BEGIN Dataset excerpts
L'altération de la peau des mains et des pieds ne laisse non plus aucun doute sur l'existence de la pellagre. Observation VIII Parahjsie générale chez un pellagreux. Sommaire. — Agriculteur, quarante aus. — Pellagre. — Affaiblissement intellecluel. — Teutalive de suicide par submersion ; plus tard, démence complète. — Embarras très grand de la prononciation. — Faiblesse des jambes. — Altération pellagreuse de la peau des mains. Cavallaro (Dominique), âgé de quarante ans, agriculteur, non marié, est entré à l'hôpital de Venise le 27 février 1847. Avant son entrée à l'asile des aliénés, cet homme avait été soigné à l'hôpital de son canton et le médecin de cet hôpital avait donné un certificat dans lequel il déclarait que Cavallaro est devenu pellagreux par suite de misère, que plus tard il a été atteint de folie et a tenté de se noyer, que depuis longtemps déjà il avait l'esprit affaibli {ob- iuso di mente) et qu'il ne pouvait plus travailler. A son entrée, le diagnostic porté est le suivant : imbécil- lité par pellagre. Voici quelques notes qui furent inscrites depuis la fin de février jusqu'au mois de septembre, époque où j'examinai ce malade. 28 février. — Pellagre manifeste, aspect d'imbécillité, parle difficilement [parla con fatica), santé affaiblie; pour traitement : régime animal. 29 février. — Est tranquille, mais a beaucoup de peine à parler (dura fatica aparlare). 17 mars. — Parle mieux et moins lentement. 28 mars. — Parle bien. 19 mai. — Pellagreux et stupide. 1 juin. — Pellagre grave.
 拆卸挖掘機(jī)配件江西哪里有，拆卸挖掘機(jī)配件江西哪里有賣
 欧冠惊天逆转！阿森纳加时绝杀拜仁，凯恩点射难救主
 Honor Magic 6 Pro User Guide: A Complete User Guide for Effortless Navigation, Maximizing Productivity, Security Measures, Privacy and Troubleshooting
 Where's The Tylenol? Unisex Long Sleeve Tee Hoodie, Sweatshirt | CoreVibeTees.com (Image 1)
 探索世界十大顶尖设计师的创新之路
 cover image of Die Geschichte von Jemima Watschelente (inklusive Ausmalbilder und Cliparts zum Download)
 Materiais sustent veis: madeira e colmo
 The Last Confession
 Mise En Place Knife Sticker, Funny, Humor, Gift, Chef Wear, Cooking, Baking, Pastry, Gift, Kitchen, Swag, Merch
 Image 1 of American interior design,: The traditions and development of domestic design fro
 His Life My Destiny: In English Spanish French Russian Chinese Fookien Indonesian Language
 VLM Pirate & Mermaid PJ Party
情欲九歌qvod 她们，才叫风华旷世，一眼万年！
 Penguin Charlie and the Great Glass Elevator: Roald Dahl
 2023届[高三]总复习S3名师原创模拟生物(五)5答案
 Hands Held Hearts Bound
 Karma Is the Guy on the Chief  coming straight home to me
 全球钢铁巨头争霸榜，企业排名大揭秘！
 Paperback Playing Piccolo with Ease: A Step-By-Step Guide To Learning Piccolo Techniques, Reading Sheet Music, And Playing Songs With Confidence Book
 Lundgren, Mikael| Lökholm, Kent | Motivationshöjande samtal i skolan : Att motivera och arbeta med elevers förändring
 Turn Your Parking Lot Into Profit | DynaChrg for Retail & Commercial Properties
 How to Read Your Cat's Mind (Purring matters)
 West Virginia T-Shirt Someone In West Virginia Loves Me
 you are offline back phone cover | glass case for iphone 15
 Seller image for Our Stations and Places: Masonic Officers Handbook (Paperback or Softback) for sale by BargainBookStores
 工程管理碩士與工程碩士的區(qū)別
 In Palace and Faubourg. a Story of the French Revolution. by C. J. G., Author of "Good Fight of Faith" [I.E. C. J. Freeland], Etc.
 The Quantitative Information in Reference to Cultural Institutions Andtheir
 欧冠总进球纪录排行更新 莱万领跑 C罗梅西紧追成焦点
END Dataset excerpts
_Assignment_
From the first line to the last, copy every record exactly.

_Reply_
L'altération de la peau des mains et des pieds ne laisse non plus aucun doute sur l'existence de la pellagre. Observation VIII Parahjsie générale chez un pellagreux. Sommaire. — Agriculteur, quarante aus. — Pellagre. — Affaiblissement intellecluel. — Teutalive de suicide par submersion ; plus tard, démence complète. — Embarras très grand de la prononciation. — Faiblesse des jambes. — Altération pellagreuse de la peau des mains. Cavallaro (Dominique), âgé de quarante ans, agriculteur, non marié, est entré à l'hôpital de Venise le 27 février 1847. Avant son entrée à l'asile des aliénés, cet homme avait été soigné à l'hôpital de son canton et le médecin de cet hôpital avait donné un certificat dans lequel il déclarait que Cavallaro est devenu pellagreux par suite de misère, que plus tard il a été atteint de folie et a tenté de se noyer, que depuis longtemps déjà il avait l'esprit affaibli {ob- iuso di mente) et qu'il ne pouvait plus travailler. A son entrée, le diagnostic porté est le suivant : imbécil- lité par pellagre. Voici quelques notes qui furent inscrites depuis la fin de février jusqu'au mois de septembre, époque où j'examinai ce malade. 28 février. — Pellagre manifeste, aspect d'imbécillité, parle difficilement [parla con fatica), santé affaiblie; pour traitement : régime animal. 29 février. — Est tranquille, mais a beaucoup de peine à parler (dura fatica aparlare). 17 mars. — Parle mieux et moins lentement. 28 mars. — Parle bien. 19 mai. — Pellagreux et stupide. 1 juin. — Pellagre grave.
 拆卸挖掘機(jī)配件江西哪里有，拆卸挖掘機(jī)配件江西哪里有賣
 欧冠惊天逆转！阿森纳加时绝杀拜仁，凯恩点射难救主
 Honor Magic 6 Pro User Guide: A Complete User Guide for Effortless Navigation, Maximizing Productivity, Security Measures, Privacy and Troubleshooting
 Where's The Tylenol? Unisex Long Sleeve Tee Hoodie, Sweatshirt | CoreVibeTees.com (Image 1)
 探索世界十大顶尖设计师的创新之路
 cover image of Die Geschichte von Jemima Watschelente (inklusive Ausmalbilder und Cliparts zum Download)
 Materiais sustent veis: madeira e colmo
 The Last Confession
 Mise En Place Knife Sticker, Funny, Humor, Gift, Chef Wear, Cooking, Baking, Pastry, Gift, Kitchen, Swag, Merch
 Image 1 of American interior design,: The traditions and development of domestic design fro
 His Life My Destiny: In English Spanish French Russian Chinese Fookien Indonesian Language
 VLM Pirate & Mermaid PJ Party
情欲九歌qvod 她们，才叫风华旷世，一眼万年！
 Penguin Charlie and the Great Glass Elevator: Roald Dahl
 2023届[高三]总复习S3名师原创模拟生物(五)5答案
 Hands Held Hearts Bound
 Karma Is the Guy on the Chief  coming straight home to me
 全球钢铁巨头争霸榜，企业排名大揭秘！
 Paperback Playing Piccolo with Ease: A Step-By-Step Guide To Learning Piccolo Techniques, Reading Sheet Music, And Playing Songs With Confidence Book
 Lundgren, Mikael| Lökholm, Kent | Motivationshöjande samtal i skolan : Att motivera och arbeta med elevers förändring
 Turn Your Parking Lot Into Profit | DynaChrg for Retail & Commercial Properties
 How to Read Your Cat's Mind (Purring matters)
 West Virginia T-Shirt Someone In West Virginia Loves Me
 you are offline back phone cover | glass case for iphone 15
 Seller image for Our Stations and Places: Masonic Officers Handbook (Paperback or Softback) for sale by BargainBookStores
 工程管理碩士與工程碩士的區(qū)別
 In Palace and Faubourg. a Story of the French Revolution. by C. J. G., Author of "Good Fight of Faith" [I.E. C. J. Freeland], Etc.
 The Quantitative Information in Reference to Cultural Institutions Andtheir
 欧冠总进球纪录排行更新 莱万领跑 C罗梅西紧追成焦点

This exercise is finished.